Landscape Management and Protection

A Landscape Management and Protection Plan (LMPP) shows the protection and management of the Territory’s assets on the verge during construction works. Assets typically include trees, grass, footpaths, kerb and gutter, public lighting, stormwater sumps etc.

It is important that a LMPP is prepared in accordance with Transport Canberra and City Services (TCCS) Reference Document 4 (PDF 117KB), and LMPP Advisory Note (PDF 290KB).
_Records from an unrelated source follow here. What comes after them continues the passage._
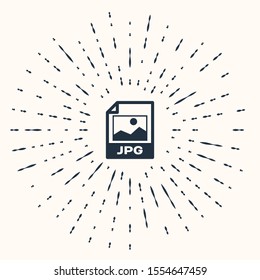 Grey JPG file document. Download image button icon isolated on beige background. JPG file symbol. Abstract circle random dots. Vector Illustration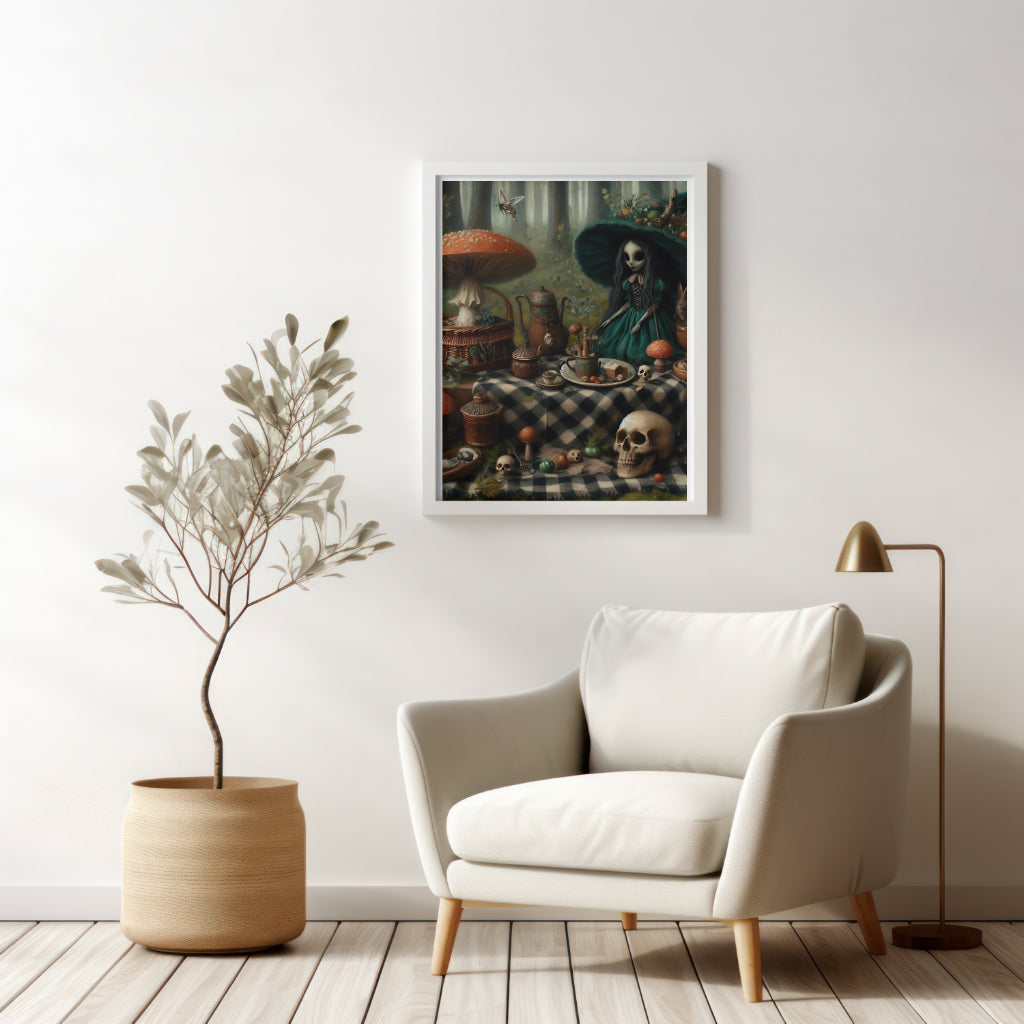 Forest Tea Party - Framed Matte Canvas Print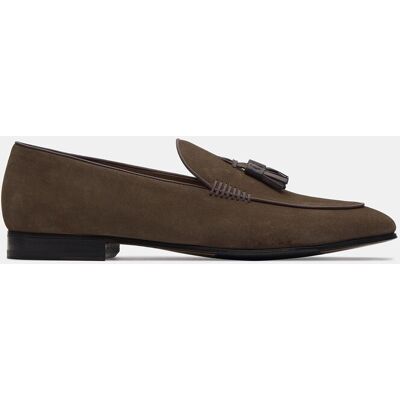 Lottusse - Mocasines de hombre en ante con bordón y adorno de borlas. Marrón 39 Lottusse - Mocasines de hombre en ante con bordón y adorno de borlas. Marrón 39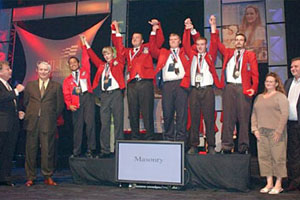 The winners of the 2007 National Masonry Contest took the stage at Kemper Arena in Kansas City, Mo.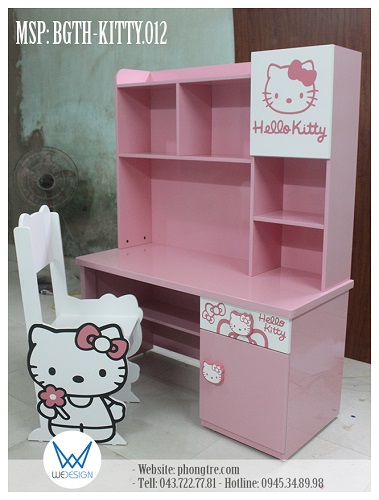 Màu hồng phấn là màu sắc chủ đạo, phối cùng màu trắng tạo nền và màu hồng đậm, màu đen là màu tạo hình trong trang trí chủ đề Hello Kitty và nơ xinh cho mẫu thiết kế bàn ghế tiểu học Hello Kitty BGTH-KITTY.012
These documents are intended to ensure the safety of the public and protection of Territory assets during construction works.

Application forms

When a LMPP is required as a part of a Development Application or Design Acceptance submission it must be submitted together with the submission documents.

When a LMPP is required for building application (driveways, stormwater easements and waste and recycling management assessments) it must be submitted at the same time and lodged via the TCCS Building Application—Statement of Endorsement and/or Compliance Form.
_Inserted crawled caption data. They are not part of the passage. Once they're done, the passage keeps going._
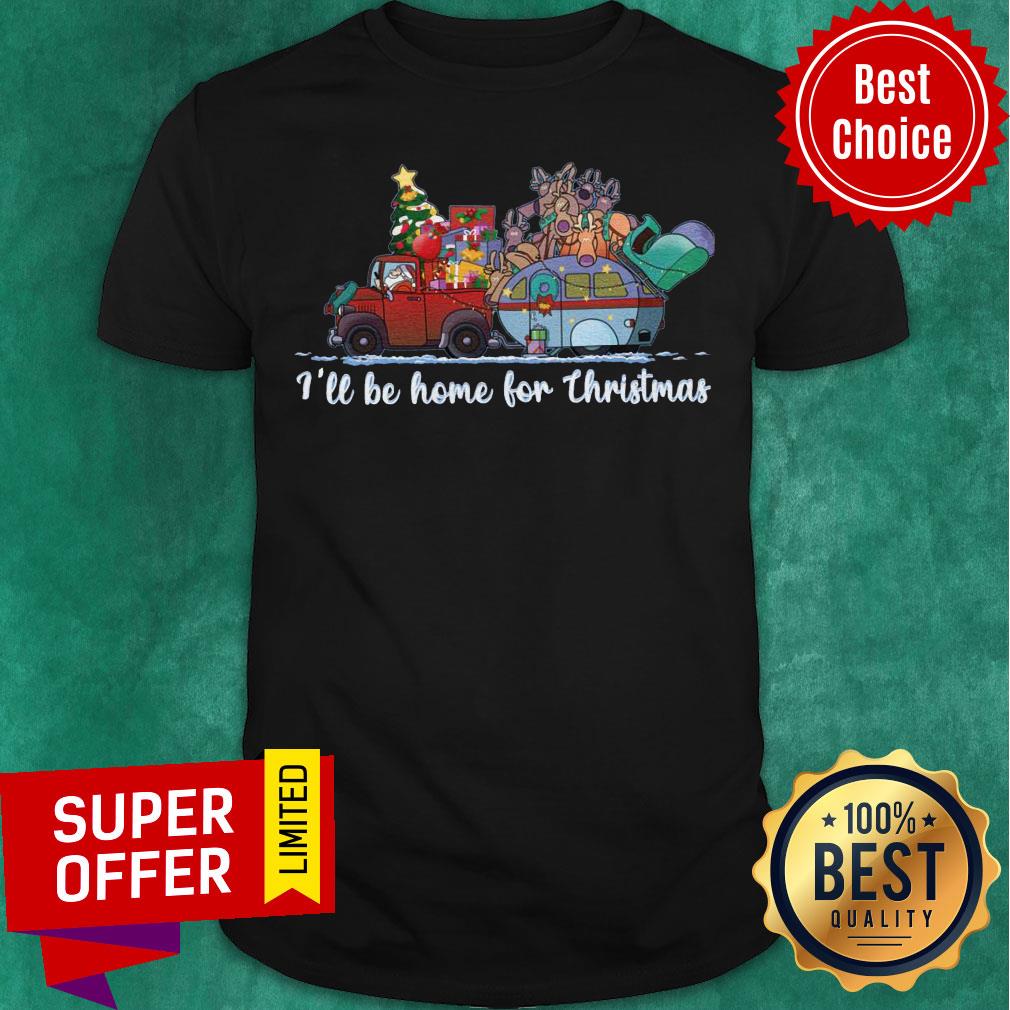 Nice Santa Claus And Reindeer I’ll Be Home For Christmas Tree Light Shirt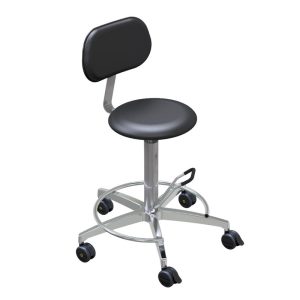 Acquista Sgabello in acciaio ad altezza regolabile 53 - 68 cm con sedile  imbottito Ø 33 cm e base con ruote - bianco DoctorShop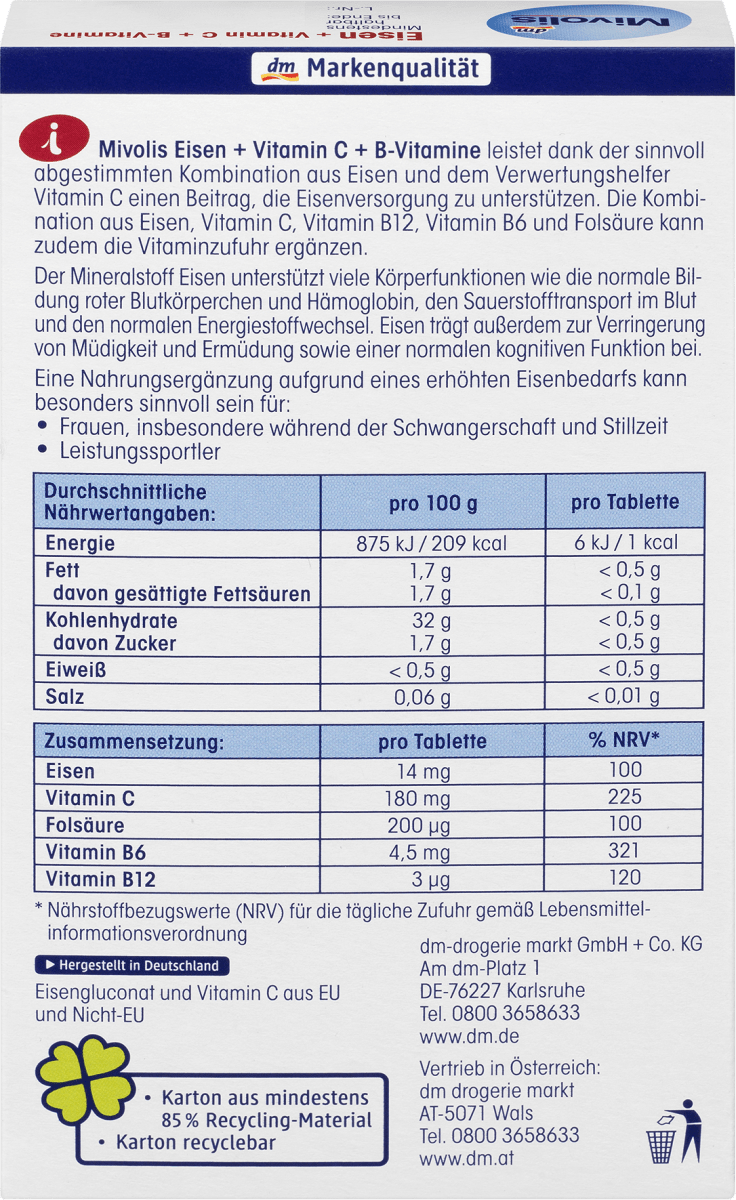 Eisen + Vitamin C + B-Vitamine, Tabletten, 40 St., 25 g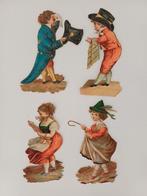 Set van 4 antieke poëzieplaatjes jongen/meisje 1900, Verzamelen, Ophalen of Verzenden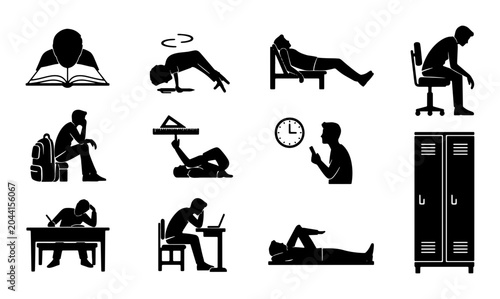 Fotografi Collection of 12 Vector Icons Depicting Boredom, Idleness, and Lethargy, Includi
When submitting the LMPP you must attach the following documents:

  • landscape management and protection plan 
  • dilapidation report.

Landscape management and protection plan

Before you start construction activities you are required to submit a plan showing how you are going to protect Territories assets in proximity of the construction activities relating to your development.

The LMPP must include the following:

  • property boundary
  • road kerb line
  • road name you are accessing from and to
  • tree type, height, canopy size and distance from the driveway
  • show the proposed location of fencing  to protect all verge plantings, trees and grassing.

The LMPP must meet the following requirements:

  • all Territory assets on the nature strip (trees, grass and infrastructure) must be protected
  • all existing verge footpaths and driveways shall remain unobstructed throughout the construction period to provide safe pedestrian movement
  • temporary fencing to be 1800mm tall continuous mesh fence supported by steel posts with concrete bases
  • the verge and open space must not be used for storage of materials unless the permit from TCCS has been obtained

For information on what needs to be included in the plans, please view the sample site plan (PDF 1,137KB).

Dilapidation report  

The Dilapidation Report must show infrastructure and services within the area of the project including adjacent open space, that may be affected by construction activities such as parking, unloading and delivery of materials and heavy machinery.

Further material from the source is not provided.